> EXERCISE DATA:
-------

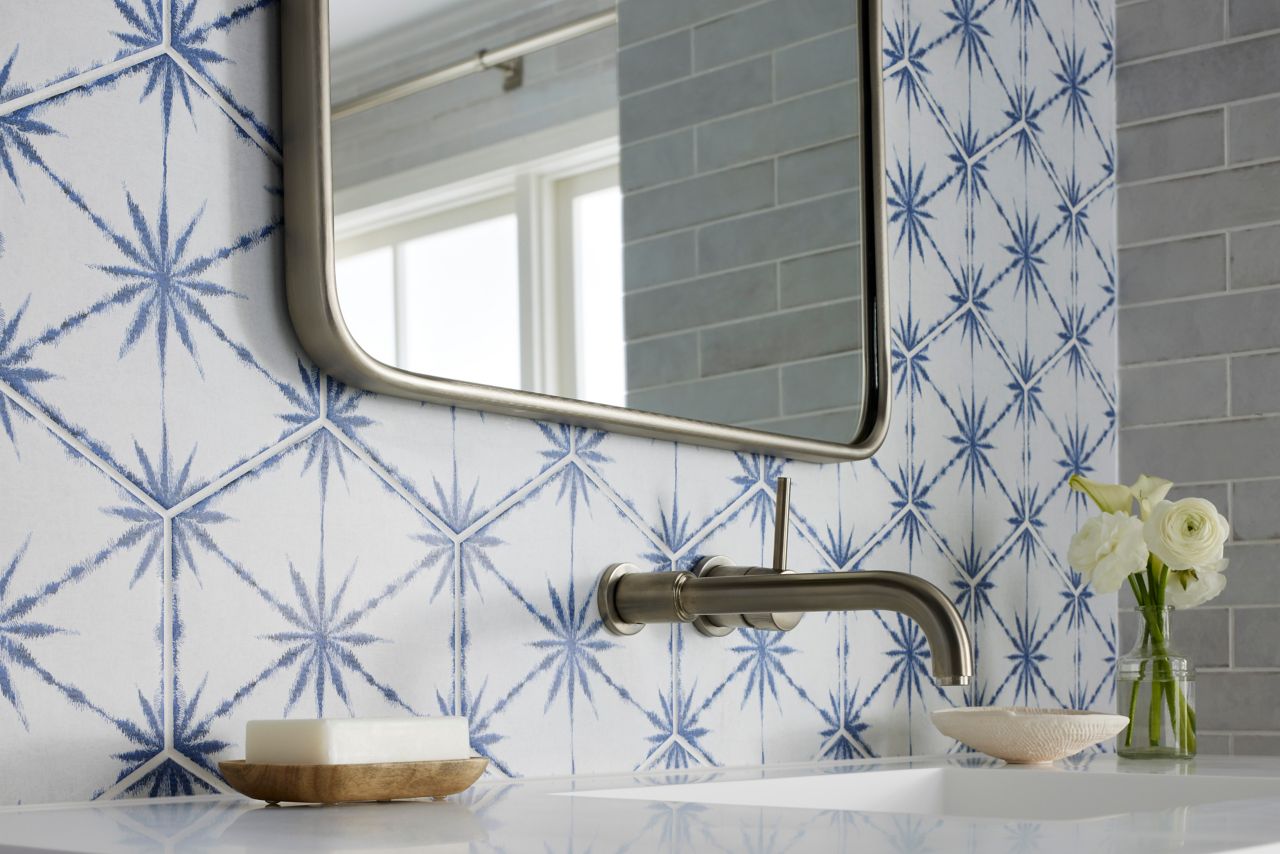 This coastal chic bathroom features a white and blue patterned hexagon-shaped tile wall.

-------

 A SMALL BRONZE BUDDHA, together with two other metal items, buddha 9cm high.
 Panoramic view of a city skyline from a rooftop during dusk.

-------

> WORK TO COMPLETE: In the data above, start at the line that has "A SMALL BRONZE", stop after the line that has "Panoramic view of", and print every line in between exactly as it stands.

> EXPECTED OUTPUT:
 A SMALL BRONZE BUDDHA, together with two other metal items, buddha 9cm high.
 Panoramic view of a city skyline from a rooftop during dusk.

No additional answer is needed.